Rising housing prices and rental costs in India pose a new inflationary concern.

Rising property prices and rental rates in major Indian cities may provide a tough opportunity to the country’s central bank in its fight against inflation, economists warn, even if apparent consumer price increases have largely peaked.

Housing rentals and ancillary expenses account for 10.07% of India’s consumer price inflation basket and are approaching three-year highs, providing a new source of concern for the central bank, which has been dealing with increasing food expenses for the most of last year.

Housing has become slippery and is being actively monitored for signs of second-order consequences, according to a senior source familiar with the Reserve Bank of India’s (RBI) thinking.

According to estimates from the Ministry of Statistics and Programme Execution, urban housing inflation increased to 4.47% year on year in December 2022, up from 3.61% the previous year and 3.21% in December 2020.

However the index dropped sharply from 4.58% in October to 4.58% in November and December, it remained close to its best level since 2019.

Retail inflation in India decreased to 5.72% in December, maintaining within the RBI’s comfort zone of 2%-6% for the second month in a row after lingering beyond the top end for the first ten months of last year.

Nonetheless, overall inflation stayed close to 6%, excluding volatile food and gasoline prices. “Core inflation has remained sticky, therefore an increase in housing inflation offers a considerable risk to the headline inflation forecast,” Bank of Baroda analyst Aditi Gupta said. She pointed out that the non-food basket has borne the brunt of recent inflationary pressure.

According to real estate advisory company Anarock, rents in the top seven cities jumped 20%-25% on average from pre-pandemic levels in 2022, with some of the most popular housing societies seeing increases of more than 30%.
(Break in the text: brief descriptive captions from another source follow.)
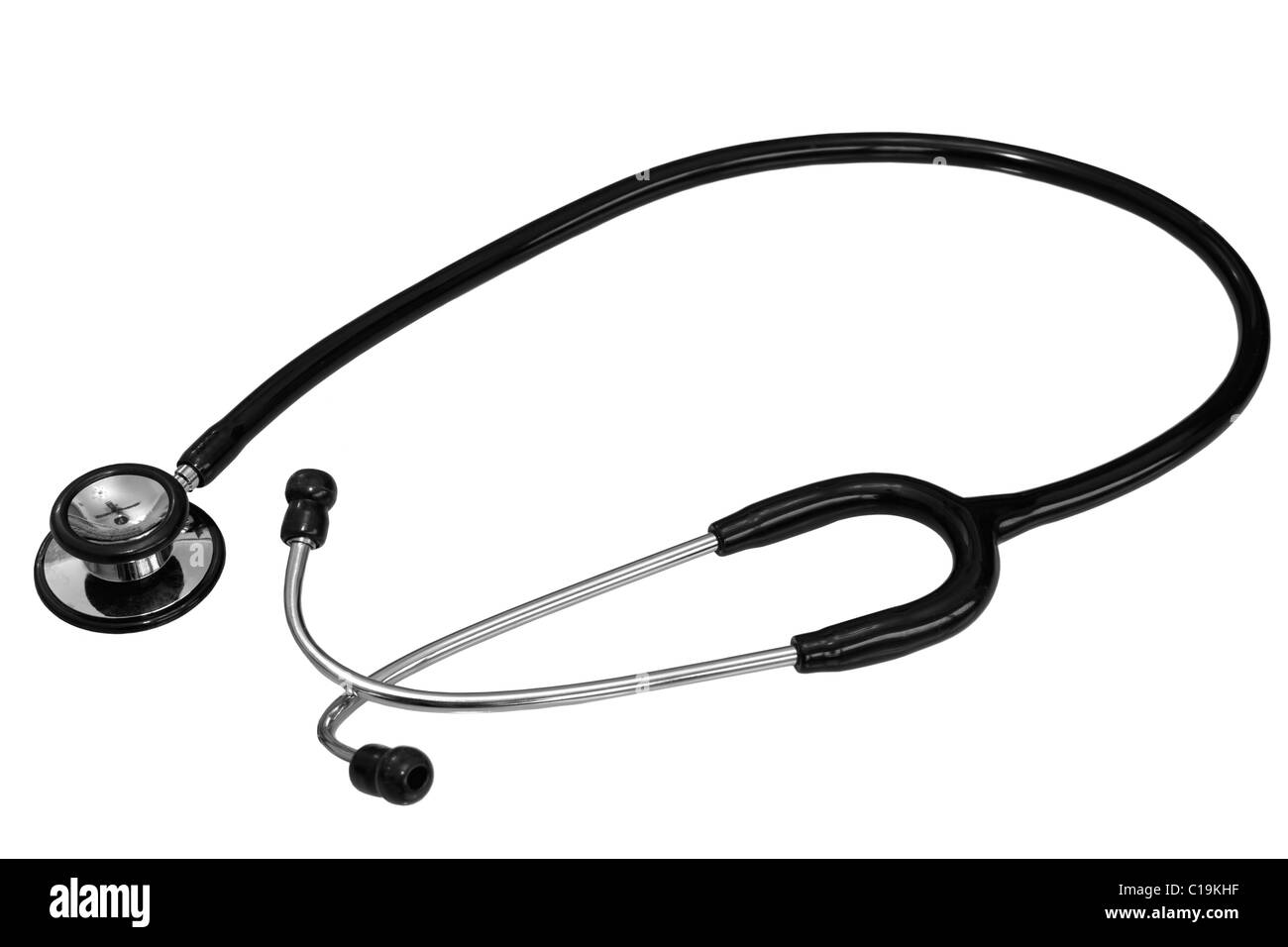 Medico Medico stetoscopio su sfondo bianco Foto Stock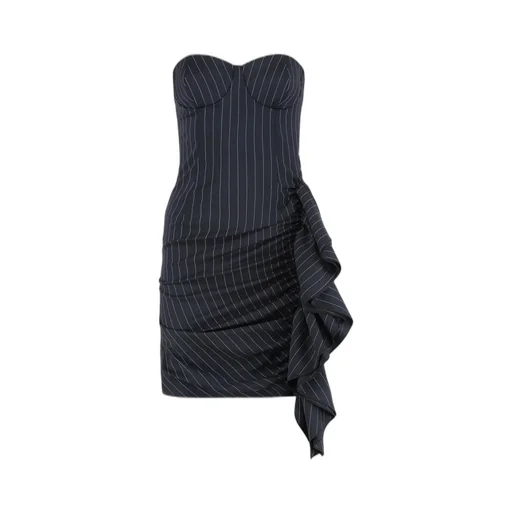 Strapless Pinstripe Dress With Ruffle Detail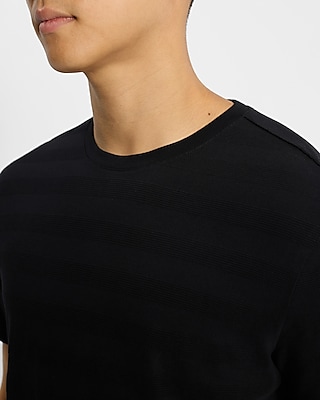 Textured Stripe Crew Neck T-Shirt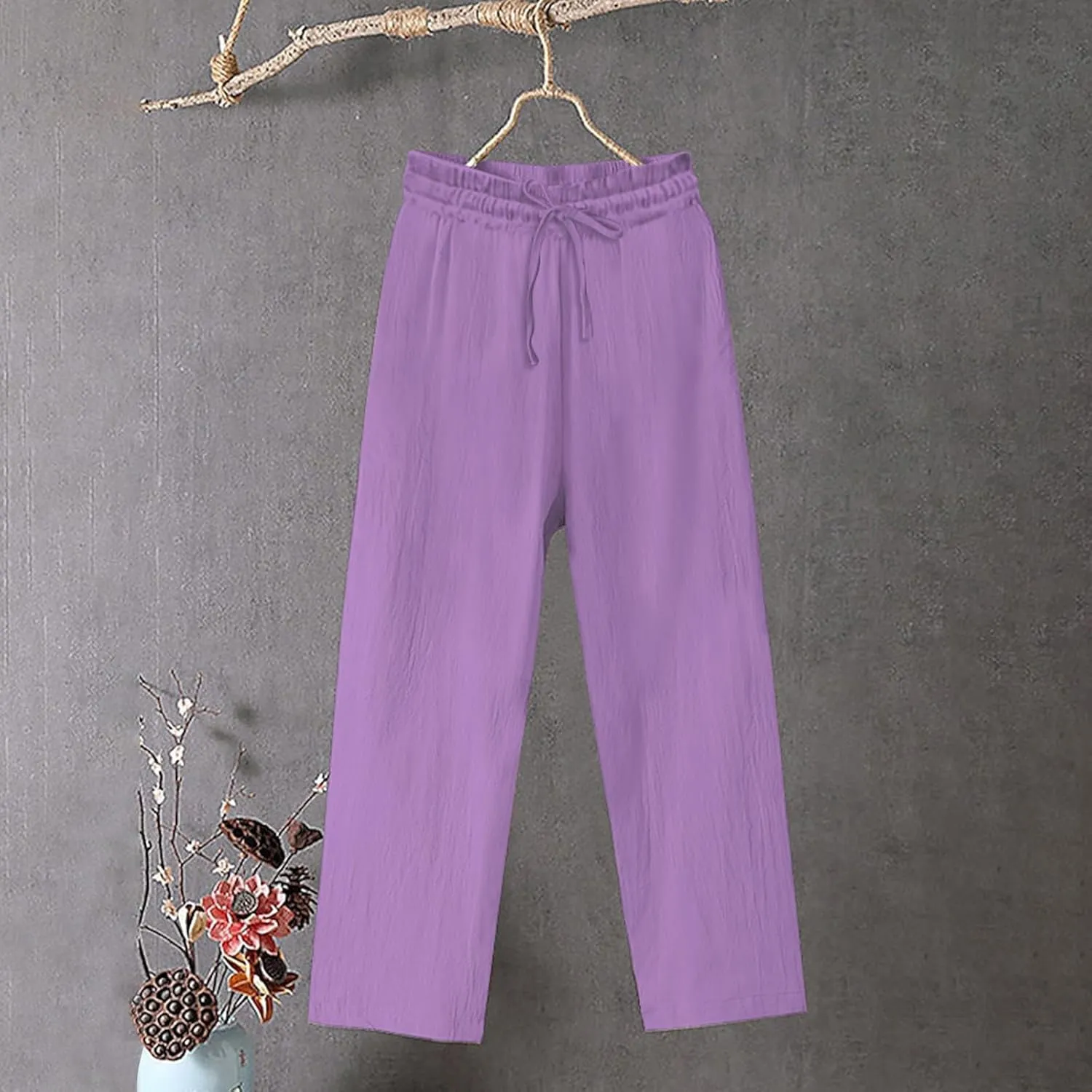 Plus Size Wide Leg Linen Pants Women Summer Capri Palazzo Flowy Pants Casual Loose Solid Color High Waist Trousers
Some characteristics, such as hybrid work culture and the desire for larger houses, are expected to persist beyond the pandemic’s decreasing influence and may bleed over into core inflation because to “sticky” rental rates, according to Ranjani Sinha, chief economist at credit rating agency CareEdge Group.

Disclaimer: The views expressed above are for informational purposes only based on industry reports and related news stories. PropertyPistol does not guarantee the accuracy, completeness, or reliability of the information and shall not be held responsible for any action taken based on the published information.